An Empirical Evaluation of Accounting Income Numbers, 1968, Ball & Brown, University of Chicago and University of Western Australia, Journal of Accounting Research
By relating income numbers to stock prices, this paper examines the information content of annual reports.
It starts with two OLS equations and gets their residuals as new information contained in income changes and causing unexpected stock returns. The first equation regresses change in firm j's income on the average change in all other firms' income. The second equation regresses the monthly price relative of firm j minus one on the market's monthly rate of return minus one. The monthly price relative of firm j equals dividend plus closing price divided by opening price. The market's monthly rate of return uses Fisher's computed index.
Table 1: Coefficients of correlation between firm and market income changes
Table 2: First-order autocorrelation of income regression residuals
The paper then computes the Abnormal Performance Index (API) and plots it for three sets of portfolios in Figure 1. The first set is for the positive income forecast errors for the three variables ( net income and EPS for the regression model and EPS for the naive model); the second set is for the negative income forecast errors for the three variables; the third set is a single portfolio consisting of all firms and years in the sample.

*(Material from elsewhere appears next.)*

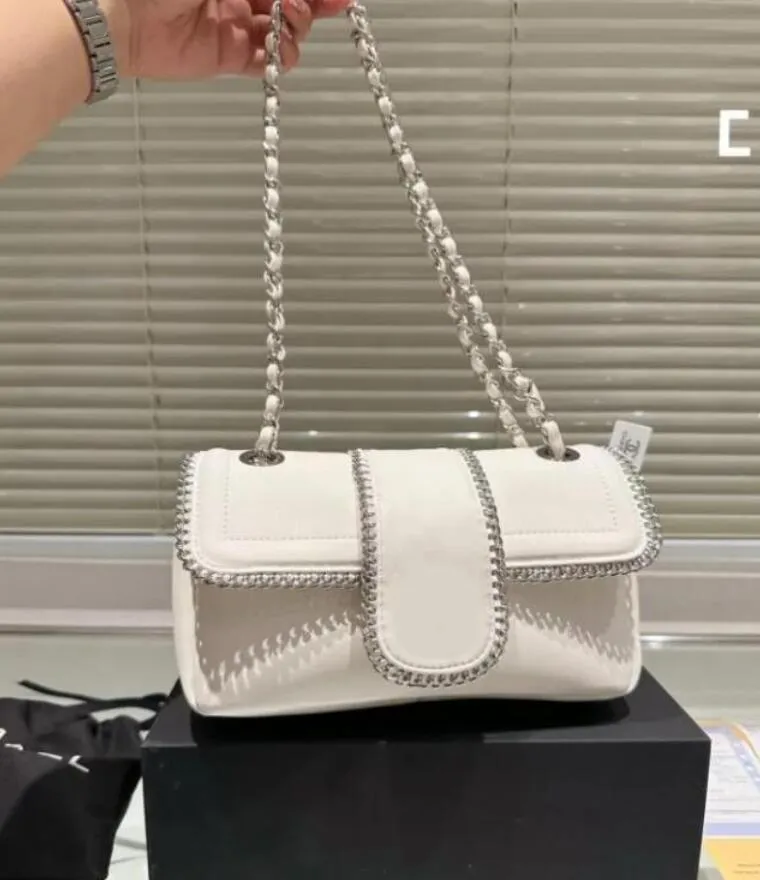 Women's Crossbody Bag With Chain Strap - Vegan Leather Shoulder Bag, Trendy Designer Style - View #6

The paper then computes the Total Information (0.731), Net Information (0.165) and Income Information (0.081 for variable 1, 0.083 for variable 2 and 0.077 for variable 3) and concludes that 25% information persists, half of which is contained in income reports. It further concludes that only 10% to 15% of the information contained in income reports has not been anticipated by the month of their release and that income reports make up only 20% of all information on the market in the month of their release.